I came to think of the Black Star as what I might call "functionally nonstick"—not Teflon, but close enough. I even did a bit of stunt cooking where I simultaneously fried two eggs on one side of the pan and scrambled a couple on the other—not something to goof around with if the pan doesn't perform well.

Last summer, I used the pan to make carne asada from the Asada cookbook over a fire, guaranteeing we had the best meal of all the campers in the campground that night. Not a pan to lug into the backcountry, mind you, but lovely to have for breakfast and dinner while car camping.

Back at home, I made Lior Lev Sercarz' take on Persian fesenjan from A Middle Eastern Pantry, taking advantage of the pan's heat retention and conduction to put a hard sear on chicken thighs, then nesting them into caramelized onions, mixed with walnut, pomegranate juice, and pomegranate molasses that had been buzzed together in a blender. I let it all braise away in the oven, flavors mingling, deliciousness increasing.

At the end of summer, I plucked a few handfuls of cherry tomatoes from my garden, halved them along the equator, and sautéed them in olive oil. I added some shallots and basil and just let everything cook away for 15 minutes or so, then added a bunch of eggs for a scramble and served that over toast with really good goat cheese on it. Nothing too complex, but completely divine.

Perhaps my favorite feat with the pan was cooking flattened chicken thighs with gin and sage jus from Amy Thielen's masterful Company cookbook, cooking the meat skinside down for what she terms "an interminably long time" and creating a crackly skin that's a mahogany-colored wonder.

One night I stir-fried in it, making a bit of a mess, and scraped up the bottom a bit with a metal-bladed spatula and then went to town with soapy water while cleaning it. While it might not be the best way to treat pans like this, it was completely fine.

It's also worth noting that Kuhn Rikon seems to be putting its money where its mouth is environmentally, particularly concentrating on carbon sequestration in concrete.
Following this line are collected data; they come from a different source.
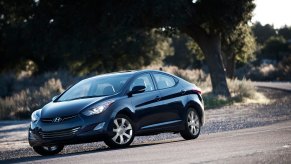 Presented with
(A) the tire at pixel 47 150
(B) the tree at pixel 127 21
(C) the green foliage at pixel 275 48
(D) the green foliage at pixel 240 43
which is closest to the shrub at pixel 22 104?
(B) the tree at pixel 127 21

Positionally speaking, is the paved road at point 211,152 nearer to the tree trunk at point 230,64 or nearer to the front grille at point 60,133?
the front grille at point 60,133

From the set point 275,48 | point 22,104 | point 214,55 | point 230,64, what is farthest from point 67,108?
point 275,48

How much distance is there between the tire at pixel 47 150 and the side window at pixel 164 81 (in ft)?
7.87

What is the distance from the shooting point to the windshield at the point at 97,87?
566 inches

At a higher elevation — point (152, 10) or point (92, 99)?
point (152, 10)

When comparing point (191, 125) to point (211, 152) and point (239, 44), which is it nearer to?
point (211, 152)

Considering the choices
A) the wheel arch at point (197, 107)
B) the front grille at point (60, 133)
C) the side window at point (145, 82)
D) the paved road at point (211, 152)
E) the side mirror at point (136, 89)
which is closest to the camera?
the paved road at point (211, 152)

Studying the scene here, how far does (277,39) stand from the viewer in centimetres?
9994

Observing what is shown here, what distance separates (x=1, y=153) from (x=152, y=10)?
51.0 ft

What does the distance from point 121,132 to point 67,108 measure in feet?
3.60

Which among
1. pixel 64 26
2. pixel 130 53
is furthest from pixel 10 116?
pixel 130 53

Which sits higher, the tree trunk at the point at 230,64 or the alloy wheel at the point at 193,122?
the tree trunk at the point at 230,64

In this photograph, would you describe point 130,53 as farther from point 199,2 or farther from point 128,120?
point 128,120

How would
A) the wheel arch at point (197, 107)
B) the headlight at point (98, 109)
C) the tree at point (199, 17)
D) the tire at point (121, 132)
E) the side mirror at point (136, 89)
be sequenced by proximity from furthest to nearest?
the tree at point (199, 17), the wheel arch at point (197, 107), the side mirror at point (136, 89), the tire at point (121, 132), the headlight at point (98, 109)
It's hard to quantify, but having spoken with other people in the industry (or simply noting how they avoid the subject), the company is clearly taking it more seriously than most of the competition.

This pan is a splurge. In no way is it a better value than the Lodge, but the design is more functional and modern, without tipping over into preciousness, and that smooth surface is divine. It's good-looking, but a tool to be used more than admired. Store it right on top of your stove. It'll be the beginning of a beautiful relationship.